Pack-maker Mountainsmith’s small packs made of recycled plastic water bottles
Mountainsmith has been making quality backpacks, camera packs, day packs and more for years, but now, they are utilizing material fabricated from recycled plastic bottles. Hooray!
The bottles used in the recycling process come from Japan, China, Taiwan, and Korea, countries that have pioneered refabricating plastic bottles into fabric. The bottles are processed, cleaned and converted to flakes before being shipped from these countries to Taiwan, where the material is spun into fiber that in turn is woven into Mountainsmith’s proprietary ReDura fabric and then triple-coated to increase the material’s overall strength and durability.
For the chemistry savvy, the material is polyethylene teraphthalate (PET), a thermoplastic resin in the polyester family used to make beverage, food and other liquid containers and synthetic fibers.
Of Mountainsmith’s extensive product line, the smaller lumbar packs are ideal for Nordic Walking. If you’re in the market for a utilitarian lightweight lumbar pack to hold the necessities for a few hours of walking, take a look at the Buzz II, a 7-ounce featherweight and the smaller, lighter (only 3 ounces) Vibe II. The Buzz II (right) features air-mesh foam back panel, zippered mesh pocket on waist belt, reflective highlights (not trivial with short days coming up), zippered main compartment, two compression straps, key clip, headphone cord port, mesh sleeve gel pockets, elastic rigging on front panel and quick access to two water bottles in foam-padded water bottle pockets. It retails for $45.

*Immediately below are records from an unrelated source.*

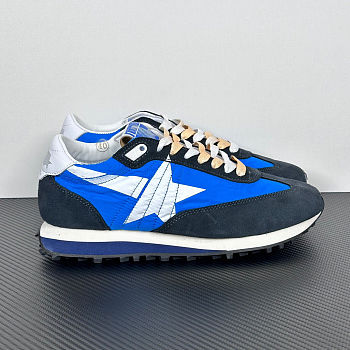Fortok Golden Goose Marathon sneakers in blue Suede 4.5cm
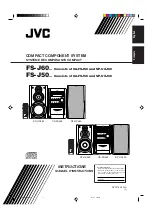 JVC CA-FSJ50 Instructions Manual предпросмотр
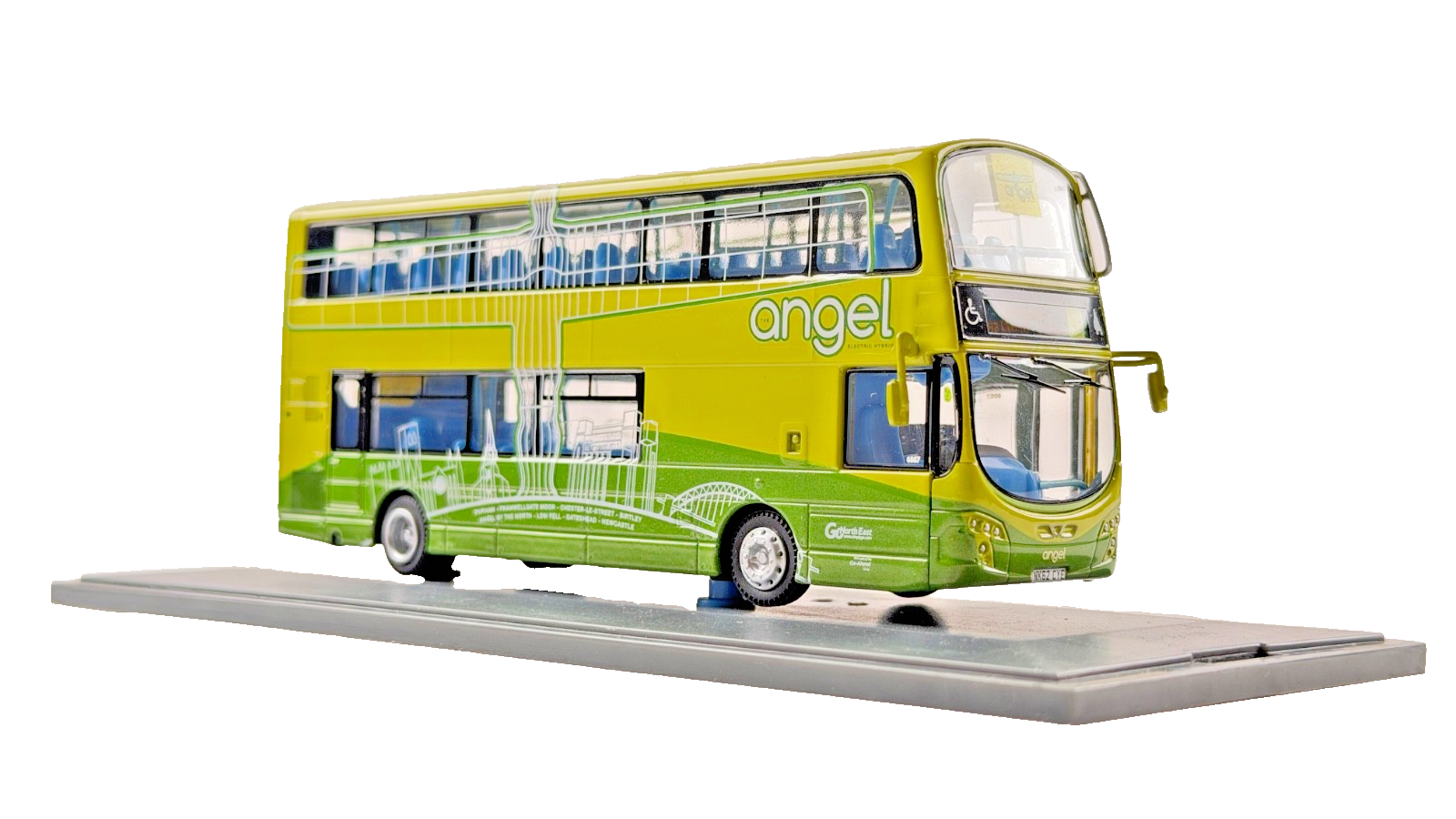 CORGI OOC 1/76 SCALE - OM46505A - WRIGHT ECLIPSE GEMINI GO NORTH EAST NEWCASTLE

Mountainsmith calls its Dart II a “minimalist hydration pack” for shorter shorter Similar features include air-mesh foam back panel, adjustable waistbelt with elastic webbing keepers, reflective highlights, one foam-padded water bottle pocket for a 22-ounce bottle, zippered mesh main compartment, key clip and headphone cord port. It retails for $25.
Available colors are pinion green, heritage teal, red, black, charcoal, cobalt and lotus blue. And the good-conscience value? Priceless.